Il consiglio della gentile signorina è andare verso l’interno: piazza Matteotti con palazzo Ducale, piazza de Ferrari con il teatro Carlo Felice, via xxv aprile e via Garibaldi con palazzo Tursi, palazzo Bianco e palazzo Rosso.
Quello che impressiona del lungomare di Genova è la quantità di gente, di ogni tipo, di ogni colore. In Piazza Caricamento, proprio nei pressi dell’acquario concerto di un gruppo di ragazzi peruviani, musica divertente e carica di leggiadria.
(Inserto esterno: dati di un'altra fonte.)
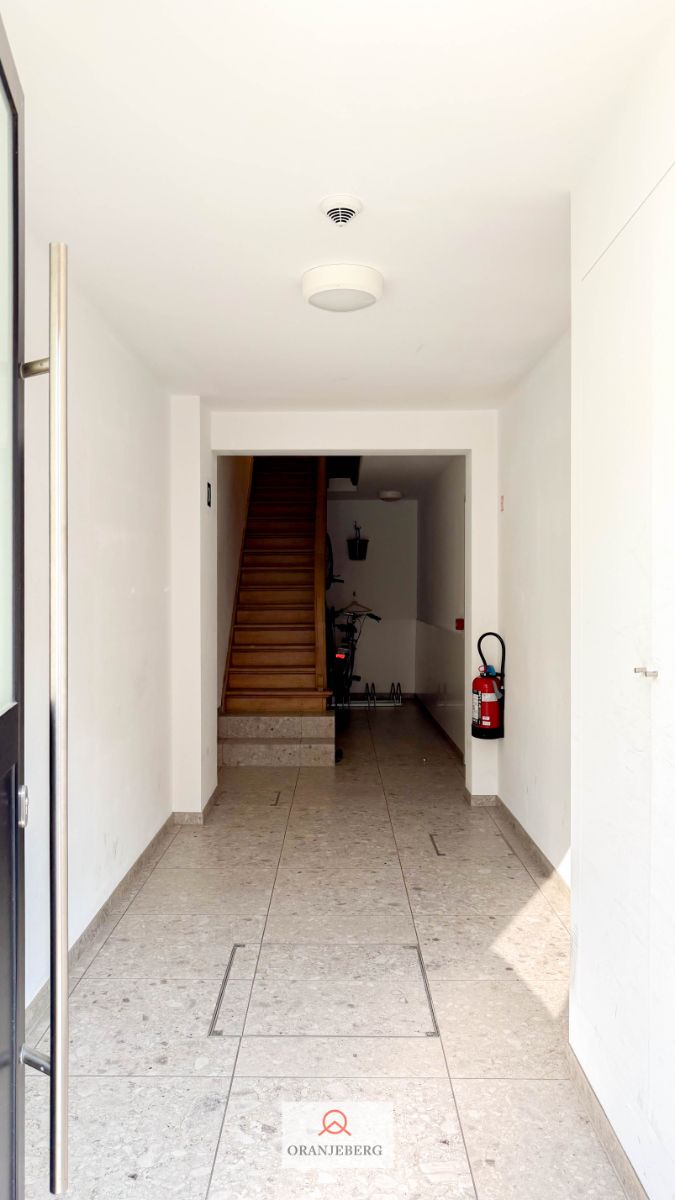 Lichtrijk en gerenoveerd 2 slpk appartement met terras foto 27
Ci auguriamo di vedere spettacoli canori improvvisati anche durante To2006, non solo ordine subalpino.
Proprio di fronte alla piazza ma verso i carrugi c’è palazzo Spinola: i carrugi sono l’anima di questa città, sembrano un grande cunicolo marino, sono un’onda che prosegue e si apre verso il cielo. L’acquario di Genova è aperto dal lunedì al venerdì dalle ore 9 alle ore 19,30, sabato, domenica, prefestivi e festivi dalle ore 9 alle ore 20,30. L’ultimo ingresso è un’ora e mezza prima della chiusura. L’ingresso al Galata/Museo del Mare che ho visitato pochi mesi fa, altra struttura d’attrazione, costa dieci euro. Ricordo che per visitare la fiera internazione (vedi salone nautico) la stazione di Brignole è più comoda.
Si ritorna verso la stazione non prima di aver visto i giardinetti di palazzo Reale. La polizia controlla dei documenti. Partenza alle ore 18,25 (il treno precedente- stessa tipologia di biglietto dell’andata alle 16,25). In stazione una libreria svende libri: poco più di un euro, dai due ai quattro quelli di lingua inglese, venti centesimi qualche bignamino onnicomprensivo. Il treno da Alassio è atteso con venti minuti di ritardo, unica nota stonata ferroviaria del giorno. Planiamo a Torino in orario come all’andata siamo arrivati in orario da Genova: potere del meno quindici olimpico?.